THOUSANDS of concrete blocks which were strung along north Northum-berland’s beautiful beaches in 1940 as defences against enemy tanks may disappear from the scene within the next few years.
The beaches between Warkworth and Berwick lie in an area designated as of outstanding natural beauty and it’s chiefly because of this that Northumberland County Planning Committee is preparing a major clean-up of war-time debris.
The committee has approved a pilot scheme to blow up 48 two-ton blocks on Warkworth beach.

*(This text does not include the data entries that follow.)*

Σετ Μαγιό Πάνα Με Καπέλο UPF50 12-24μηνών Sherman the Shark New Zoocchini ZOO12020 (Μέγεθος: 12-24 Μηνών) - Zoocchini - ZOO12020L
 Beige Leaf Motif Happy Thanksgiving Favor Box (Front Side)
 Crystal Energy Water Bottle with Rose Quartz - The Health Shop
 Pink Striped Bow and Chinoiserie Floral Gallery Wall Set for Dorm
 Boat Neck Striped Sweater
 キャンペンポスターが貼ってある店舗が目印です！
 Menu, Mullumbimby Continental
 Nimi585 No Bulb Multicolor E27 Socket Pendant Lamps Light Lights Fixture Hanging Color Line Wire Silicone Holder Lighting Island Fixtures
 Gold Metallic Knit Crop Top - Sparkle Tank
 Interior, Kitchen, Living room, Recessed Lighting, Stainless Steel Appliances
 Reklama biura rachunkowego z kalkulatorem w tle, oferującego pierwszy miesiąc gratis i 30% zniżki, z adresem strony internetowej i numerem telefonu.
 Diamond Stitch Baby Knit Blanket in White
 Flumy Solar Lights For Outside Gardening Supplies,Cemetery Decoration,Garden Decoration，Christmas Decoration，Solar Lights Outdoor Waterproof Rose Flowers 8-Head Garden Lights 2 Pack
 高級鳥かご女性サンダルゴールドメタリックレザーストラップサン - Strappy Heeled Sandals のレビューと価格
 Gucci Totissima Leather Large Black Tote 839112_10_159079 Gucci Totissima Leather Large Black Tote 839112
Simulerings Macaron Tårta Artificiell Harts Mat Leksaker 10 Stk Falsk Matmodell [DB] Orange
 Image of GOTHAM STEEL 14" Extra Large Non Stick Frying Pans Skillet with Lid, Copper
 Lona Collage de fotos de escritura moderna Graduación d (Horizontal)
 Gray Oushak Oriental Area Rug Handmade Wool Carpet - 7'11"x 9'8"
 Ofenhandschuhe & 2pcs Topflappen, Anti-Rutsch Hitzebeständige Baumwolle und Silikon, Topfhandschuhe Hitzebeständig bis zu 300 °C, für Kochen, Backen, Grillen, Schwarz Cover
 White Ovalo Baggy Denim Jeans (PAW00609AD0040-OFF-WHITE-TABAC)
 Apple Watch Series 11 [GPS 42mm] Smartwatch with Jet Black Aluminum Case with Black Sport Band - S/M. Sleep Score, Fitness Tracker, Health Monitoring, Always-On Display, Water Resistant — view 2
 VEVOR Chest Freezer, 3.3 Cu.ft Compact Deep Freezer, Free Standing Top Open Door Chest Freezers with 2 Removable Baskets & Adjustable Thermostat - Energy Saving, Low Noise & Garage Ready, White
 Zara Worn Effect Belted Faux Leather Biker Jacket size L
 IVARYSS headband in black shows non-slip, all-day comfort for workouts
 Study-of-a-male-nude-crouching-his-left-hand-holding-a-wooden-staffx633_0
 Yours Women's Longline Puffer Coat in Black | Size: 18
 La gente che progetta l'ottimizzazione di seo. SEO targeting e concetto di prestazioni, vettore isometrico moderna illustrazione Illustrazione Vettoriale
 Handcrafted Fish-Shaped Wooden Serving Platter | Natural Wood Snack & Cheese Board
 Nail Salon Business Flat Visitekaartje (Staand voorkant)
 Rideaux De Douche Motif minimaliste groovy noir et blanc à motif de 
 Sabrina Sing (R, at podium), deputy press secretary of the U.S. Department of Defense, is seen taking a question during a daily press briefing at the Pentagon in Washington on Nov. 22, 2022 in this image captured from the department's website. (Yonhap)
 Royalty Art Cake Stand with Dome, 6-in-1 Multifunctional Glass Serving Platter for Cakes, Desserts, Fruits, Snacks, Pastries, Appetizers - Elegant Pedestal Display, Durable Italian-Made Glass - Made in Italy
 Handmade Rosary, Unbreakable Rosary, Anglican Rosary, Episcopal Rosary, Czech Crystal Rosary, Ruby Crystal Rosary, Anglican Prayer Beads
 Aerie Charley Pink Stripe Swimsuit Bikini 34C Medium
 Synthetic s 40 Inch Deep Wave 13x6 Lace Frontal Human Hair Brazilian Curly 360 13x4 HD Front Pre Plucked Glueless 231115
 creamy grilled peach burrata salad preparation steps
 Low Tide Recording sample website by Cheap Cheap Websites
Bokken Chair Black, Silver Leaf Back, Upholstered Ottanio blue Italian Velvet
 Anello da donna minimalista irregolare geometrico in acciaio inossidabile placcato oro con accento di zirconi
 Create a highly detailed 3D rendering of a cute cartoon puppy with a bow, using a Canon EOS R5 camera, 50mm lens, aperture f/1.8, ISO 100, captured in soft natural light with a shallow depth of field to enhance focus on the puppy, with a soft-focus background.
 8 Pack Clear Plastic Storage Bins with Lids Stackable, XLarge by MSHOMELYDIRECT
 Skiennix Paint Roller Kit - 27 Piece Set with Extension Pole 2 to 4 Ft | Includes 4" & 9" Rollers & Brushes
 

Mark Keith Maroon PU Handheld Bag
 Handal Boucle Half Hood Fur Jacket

High tides and shifting sands have thrown them into a ragged line, partly hiding some and tilting others high above the surface.
“We consider it will be a useful experiment and if successful it will probably be continued on other beaches along the coast,” said a county planning official. “It will certainly improve the appearance of the beaches quite considerably.”
The committee has long regarded the blocks as eyesores and has now accepted the tender of a local building contractor to demolish them with gelginite at a cost of about £4 per block.
It has applied to the National Parks Commission and the Ministry of Housing and Local Government to secure a Government grant for the scheme.
“The contractor intends to use the debris for hard core in building projects, and has been able to keep the demolition price to a reasonable level,” added the official.
The blocks on Warkworth beach, and on those further north, are at points regarded as natural landing places for tanks during the war. Nowhere are the blocks more noticeable, or probably more dangerous, than at Alnmouth where there is a double row running the full length of the foreshore.
Alnmouth Parish Council has been concerned about them for a number of years and would welcome any action.